Yellen never mentioned Sanders by name, but she probably didn't need to. Sanders has said repeatedly that "Wall Street is still out of control" and one of the reasons for that is the Fed "has been hijacked by the very bankers it regulates."

"To rein in Wall Street, we should begin by reforming the Federal Reserve," Sanders wrote in a New York Times op-ed at the end of last year.

Related: What scares America's 4 Fed chiefs

Yellen defends all that the Fed has done since 2008

On Thursday, Yellen outlined all the ways the Fed has stepped up regulation after the 2008 financial crisis -- details Sanders wasn't quite strong on in a recent interview with the New York Daily News editorial board.

  1. Banks have to hold more money -- This is to prevent what happened in 2008 when some financial institutions didn't have enough cash (or cash equivalents) on hand to make their payments to other banks and creditors.
  2. The Fed "stress tests" big banks -- Twice a year, the Fed takes a deep look at the finances of each bank and sees what would happen under various crisis scenarios. The Fed then recommends fixes to some banks to make them stronger.
  3. Banks now have to submit "living wills" -- Much like a personal will, the bank has to spell out what would happen to its assets and stuff if it "died" like what happened to Lehman Brothers in the crisis.

"We've made considerable progress," Yellen said, speaking on a panel where all four living Fed chairs were interviewed together for the first time ever by CNN's Fareed Zakaria.

Sanders still wants to break up the banks

Sanders disagrees. He wants to break up America's biggest banks like JPMorgan Chase (JPM), Citigroup (C) and Bank of America (BAC). He argues they are still "too big to fail" and that they are "destroying the moral fabric of America."

Related: Sanders campaign says GE CEO 'should take a good look in the mirror'

Sanders points out that even the head of the Minneapolis regional Fed bank, Neel Kashkari, has been championing the need to make banks smaller so there won't be another 2008 financial crisis.

"I feel more positive on the progress we have made [than Kashkari]," Yellen told CNN's Zakaria.
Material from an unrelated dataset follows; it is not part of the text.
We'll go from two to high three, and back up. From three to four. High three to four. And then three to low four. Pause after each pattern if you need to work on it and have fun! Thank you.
Is the power of running the Federal Reserve an ego boost?
Is the power of running the Federal Reserve an ego boost?

Does Sanders know current policy?

Sanders has come under criticism for his responses in the New York Daily News editorial board interview. When he was pressed for details on his plans for Wall Street, he said several times that he "didn't know" or wasn't entirely sure.
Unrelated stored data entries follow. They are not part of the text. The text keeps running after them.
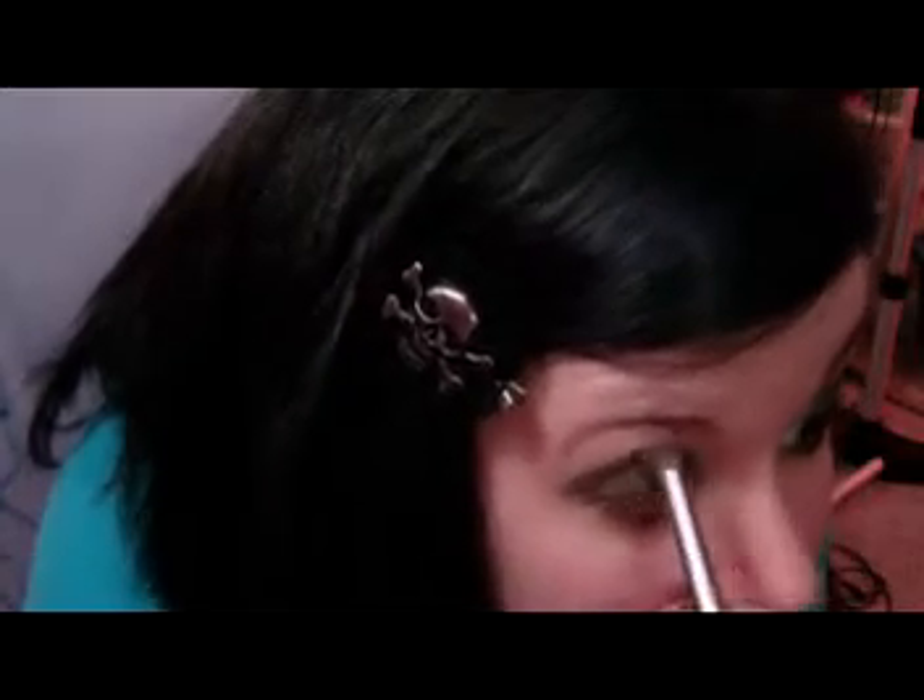Then I'm gonna grab this color, which is Envy — it's one of the Wet n' Wild single colors, it's this green. I'm gonna grab a crease brush; this is one of the Sonia Kashuk ones. I'm gonna load up with this green and just put it in my crease, starting at the outer corner, and bring it all the way in.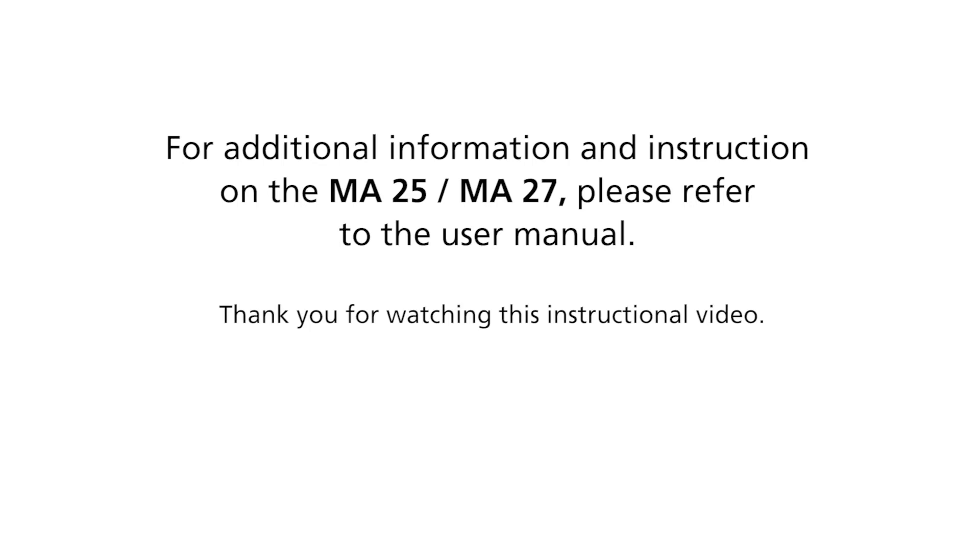For additional information and instructions on the MA25 or MA27, please refer to the user manual. Thank you for watching this instructional video.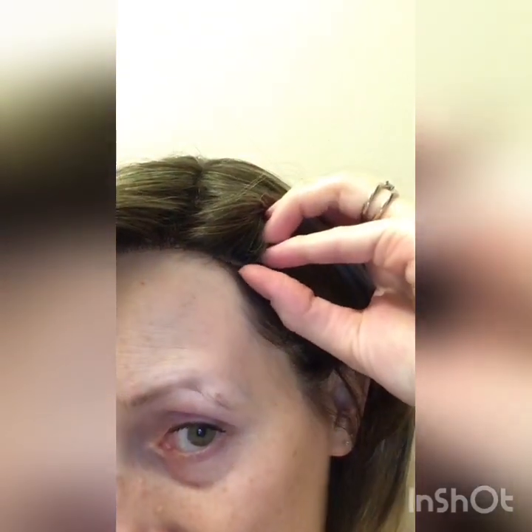Despite the fact I said I wouldn't come on camera, now that I've cut the lace I felt I should show you — so excuse my face. I've cut as close as I can. The thing I've had a slight issue with is those little tabs I showed you earlier. I cut this one completely off and now the lace is lifting. On this side I haven't cut it completely off because it's attached to a join that's been sewn together, and if I pull my hair back from my face you can see it, so I think I'm going to have to go in again and try to cut a bit more off.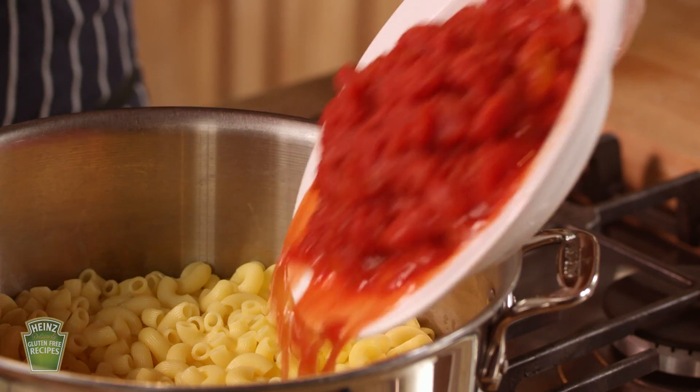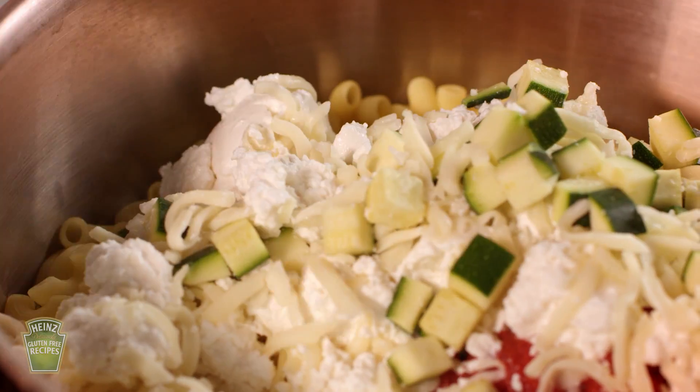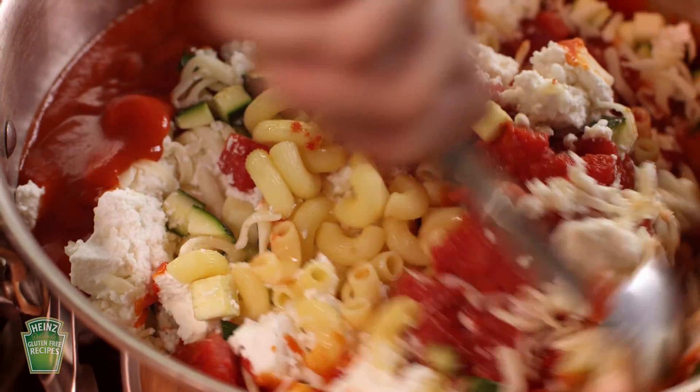Right, let's get started. Drain your cooked pasta and mix all the ingredients in a bowl. Save some of your mozzarella and pasta sauce for the topping.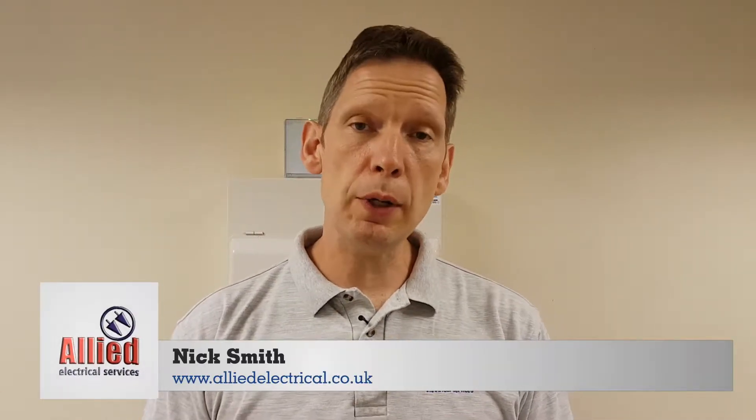Hello, I'm Nick from Allied Electrical and today we're going to talk about replacement consumer units. Consumer units, distribution boards, fuse boards, fuse boxes — whatever you choose to call it, different names, same thing. We're going to look at a few different examples ranging from an older style fuse board through to the modern current ones, explain the differences between them, and talk about the improvements in safety.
For example, when the editorial board asked him if the Fed currently has the power to declare a bank a danger to the economy, Sanders replied, "Well, I don't know if the Fed has it. But I think the administration can have it."

Related: Yellen has killed the strong dollar rally

Sanders does have some support

Democratic rival Hilary Clinton and her supporters have cast Sanders as not qualified enough to be president.

"I look at it this way -- the core of his campaign has been break up the banks, and it didn't seem in his answers he understood how that would work under Dodd-Frank," Hillary Clinton said Wednesday.

But Sanders has his backers. Former U.S. Treasury Secretary Larry Summers (who served in both the Bill Clinton and Barack Obama administrations) says Sanders gets one big issue correct.

"I think that Sanders is right in his central point that financial policy is overly influenced by financial interests," Summers wrote in a Washington Post op-ed late last year.